Believe It or Not

Even the most far-fetched conspiracy theories are starting to sound slightly plausible these days, what with the Fast and Furious gun-running scheme, the Internal Revenue Service’s harassment of the president’s political opponents, the National Security Agency’s extensive snooping around America’s phone records, and all the other hard-to-believe revelations of the past five years. Still, given our experience of mankind we retain our longstanding belief that well-intentioned stupidity is always a more likely explanation than diabolical genius for the sorry state of the world.
More fevered imaginations continue to concoct the most meticulously plotted tales of intrigue, and the fine folks at Popular Mechanics have helpfully rounded up an intriguing list of “Nine Utterly Ridiculous Conspiracy Theories.” The venerable geek-porn publication did a great service by using its technological expertise to debunk the bizarre conspiracy theories concerning the Sept. 11, 2001, terror attacks on New York City and Washington, D.C., which have largely gone away since the hateful George W. Bush left office and the loveable Barack Obama became an accomplice by his role in the continuing cover-up, but in this case they’ve offered up some ideas that seem every bit as unlikely.

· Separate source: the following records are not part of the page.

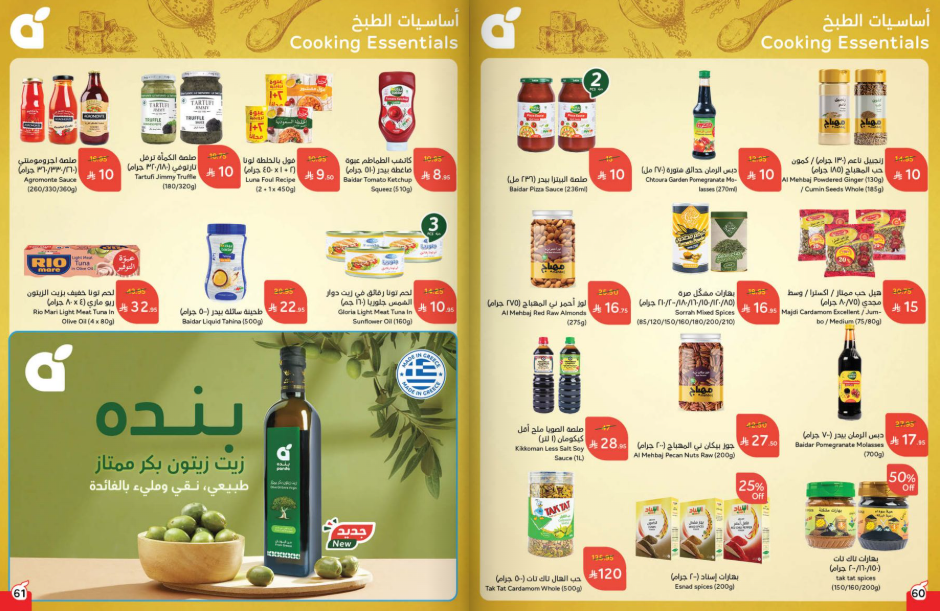 Snapshot ٢٥١٠٢٢٠٠٢٩٤٣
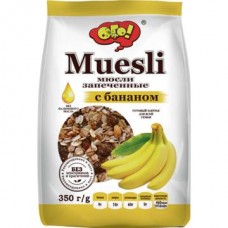 Мюсли запеченые ОГО с бананом, 350г в магазинах Авоська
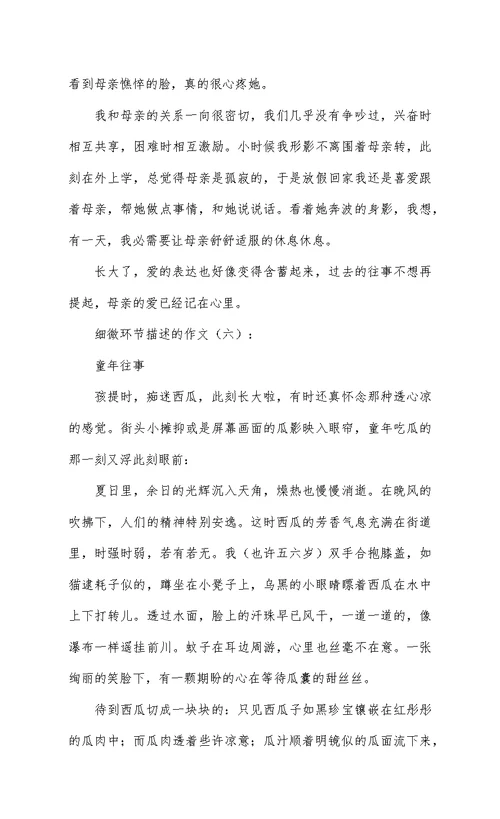 细节描写的作文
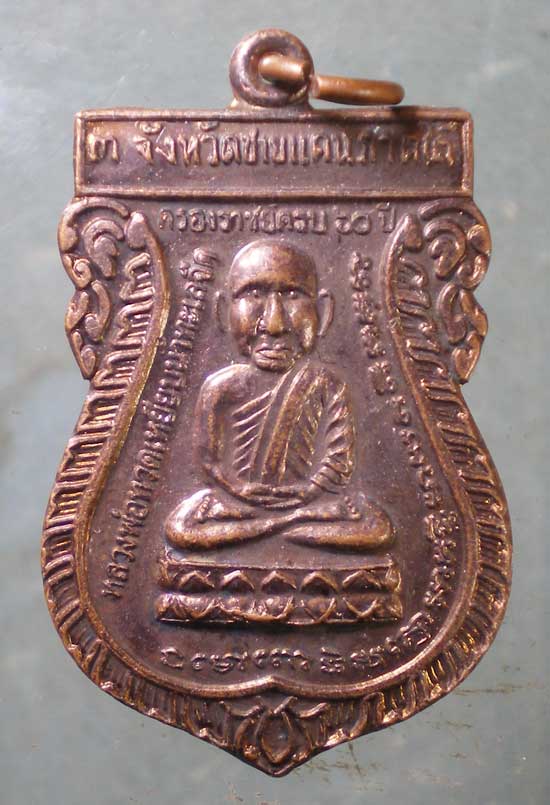 เหรียญหลวงปู่ทวด - สมเด็จพระพุฒาจารย์ เกี่ยว วัดสระเกศ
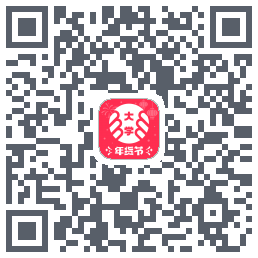 掌上大学的下載二維碼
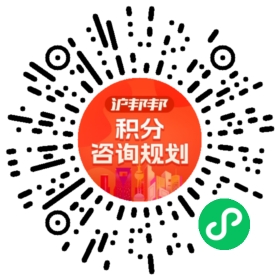 一对一规划顾问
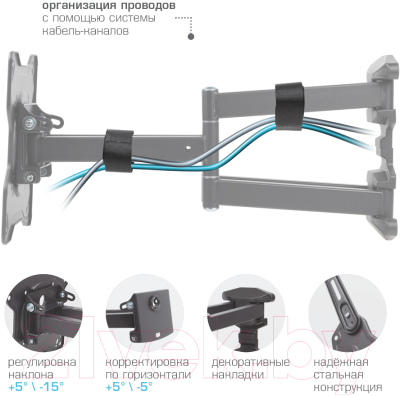 Кронштейн для телевизора Kromax Optima-407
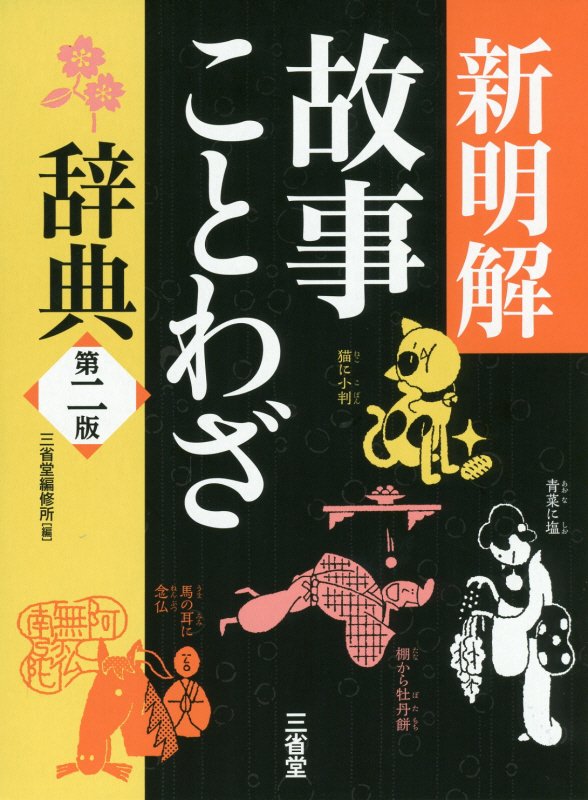 資料詳細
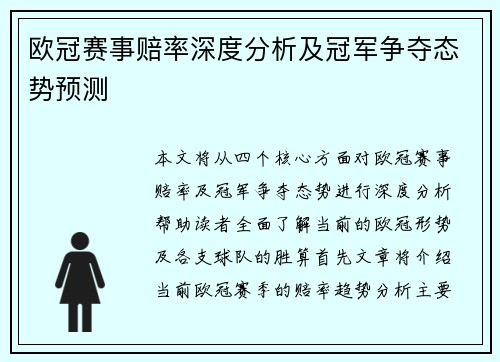 欧冠赛事赔率深度分析及冠军争夺态势预测 欧冠赛事赔率深度分析及冠军争夺态势预测
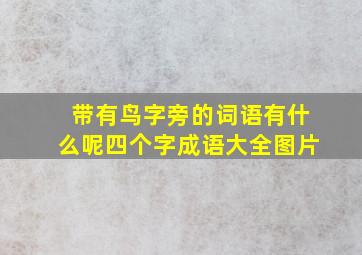 带有鸟字旁的词语有什么呢四个字成语大全图片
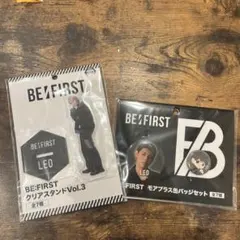 2026年最新】befirst アクスタ レオの人気アイテム - メルカリ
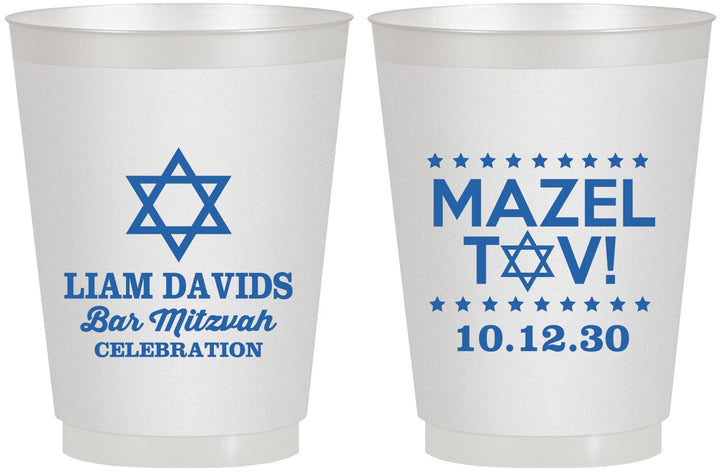 Personalized Bar Mitzvah 16 oz Frosted Cups - 13th Birthday Mazel Tov | 110018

One comes from the Middle East, which exports even more conspiracy theories than it does oil, and concerns some killer sharks that the Israelis allegedly trained to attack Egyptian swimmers. Jews are recurring characters in popular conspiracies, as are the Masons, and we’re therefore awaiting an expose of how Jackie Mason is the true puppet-master of the world. Another comes from Atlanta, usually more a sensible part of the world, where the two inches of snow that shut down the city was thought to be a chemical product that somehow defies melting even by blowtorch. One can well understand how a bit of snow could cause a traffic jam in such a typically temperate climate, but we wouldn’t have expected it to result in such a pile-up of logic.
A third theory posits that Adam and Eve were members of an extra-terrestrial race who came to earth aboard Noah’s Ark, which was actually a space ship, while a fourth insists that the world is secretly run by a race of extra-terrestrial lizard people. We’ll stick with the account in the book of Genesis, which holds that Noah’s Ark was built of gopher wood some time after the appearance of Adam and Eve, but we have to admit that the lizard people story would explain a lot. A fifth theory holds that a popular Iphone application will cause the gates of hell to open on July 27 of this year, and even though we’ve seen too many people mesmerized by cell phones to doubt their demonic powers we’ll still make plans for July 28.

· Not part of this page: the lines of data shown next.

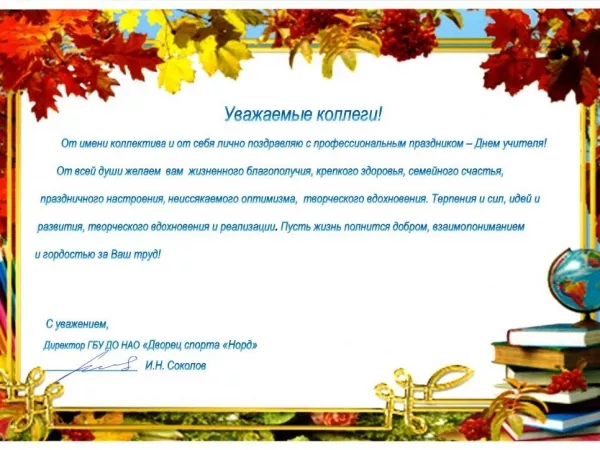 Поздравительные открытки_1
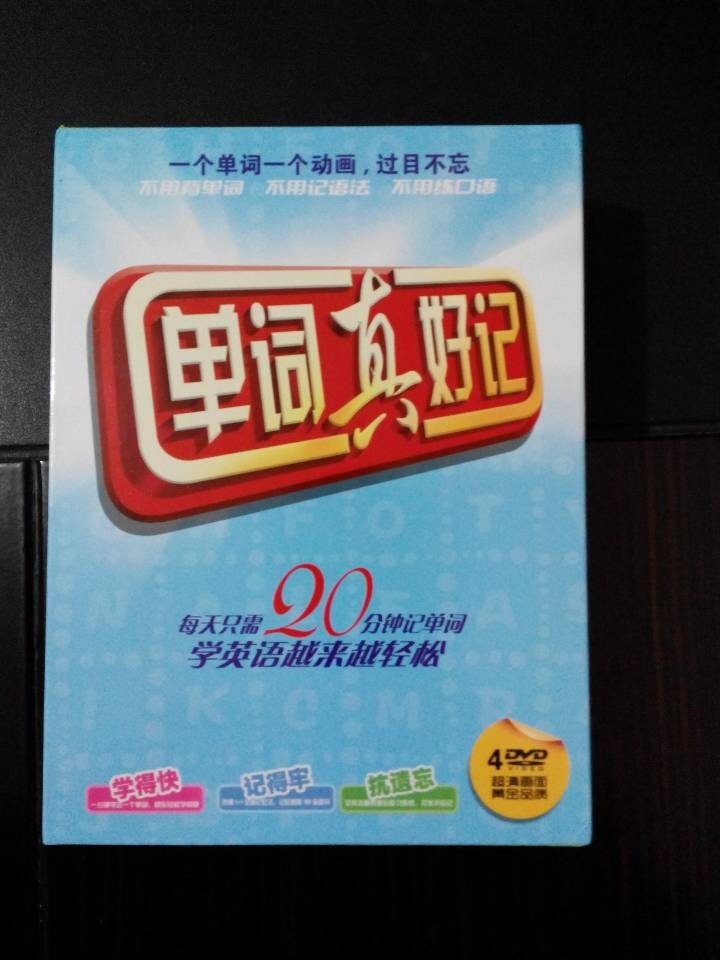 單詞真好記（4DVD） 曬單實拍圖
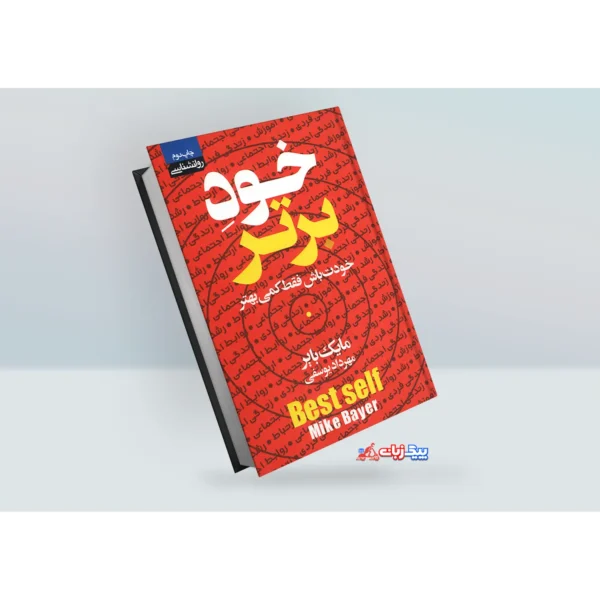 کتاب خود برتر اثر مایک بایر
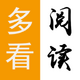 �࿴�Ķ�app����������v192.tg01.207�����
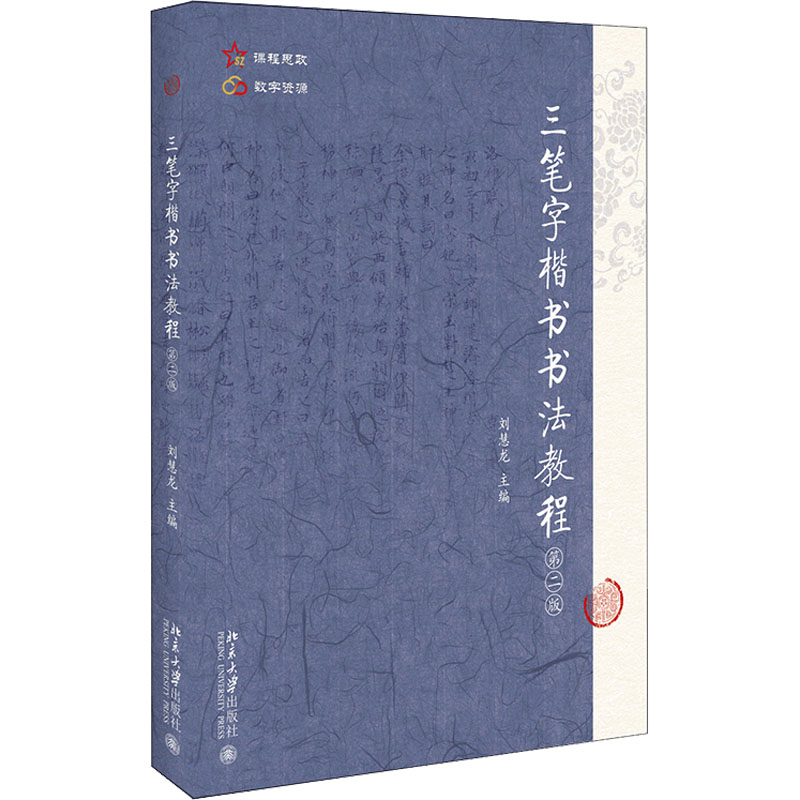 【正版书籍】三笔字楷书书法教程师范生三笔字楷书书法教材刘慧龙著刘慧龙北京大学出版社9787301330562
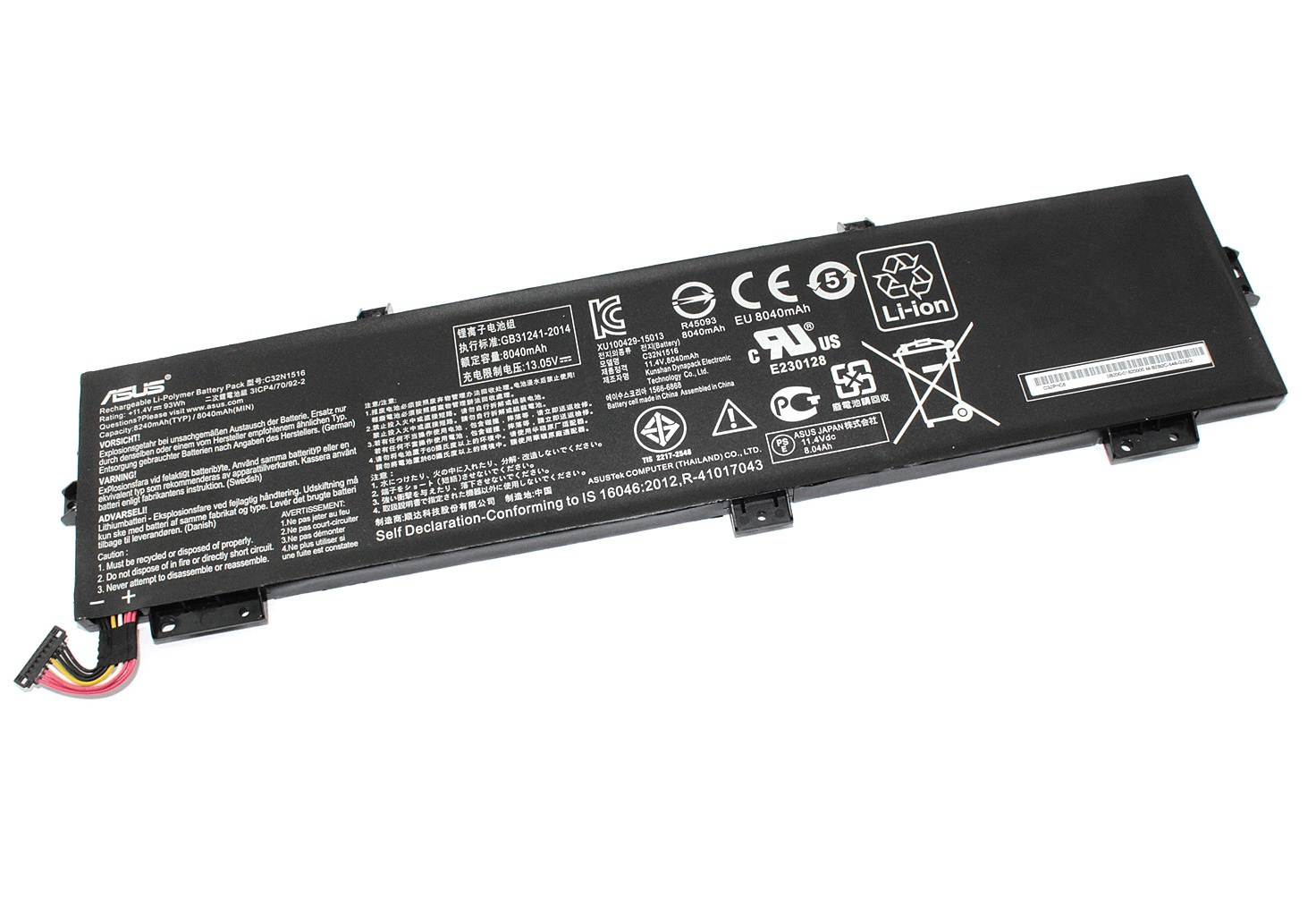

Аккумулятор для ноутбука Asus GX700V (11.4V 8040mAh) C32N1516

A sixth theory holds that the years between 614 and 911 A.D. didn’t happen. The theorists don’t adequately explain what happened to them, but we must admit we can’t recall anything of that era. For those who have grown bored with the decades-old theory that the moon landings were faked there is a seventh theory claiming that the moon itself is faked. That silvery round thing you see in the night sky is actually a hologram, according to this theory, so apparently hologram technology is old enough to have fooled all those ancient poets. An eighth theory is that the Denver International Airport is the base for a Federal Emergency Management Agency death camp, which in turn is part of a Satanic conspiracy. Having spent an hour-long lay-over there this past November we can attest that this is not outside the realm of possibility, although it didn’t strike us any more Satanic than any other big city airport. The final conspiracy theory is that the Large Hadron Collider project is actually build a star gate to revive Osiris, the ancient Egyptian god of the dead, for unexplained reasons. The first time we heard of the project it was misspelled as the Large Hardon Collider, which seemed a damned silly waste of scientific resources, and we must admit that reviving Osiris would be a better use of the project’s massive funding.
Several of the comments noted with astonishment that none of these conspiracy theories involve the Koch brothers, and these days that is hard to account for. We love a good Koch conspiracy theory, as it heartens us to think that the world is being clandestinely manipulated from here in Wichita, but it seems we’ll have to rely on MSNBC and the latest Democratic fund-raising letters for our daily dose of those. Some conspiracy theories are so utterly ridiculous they can be found only there.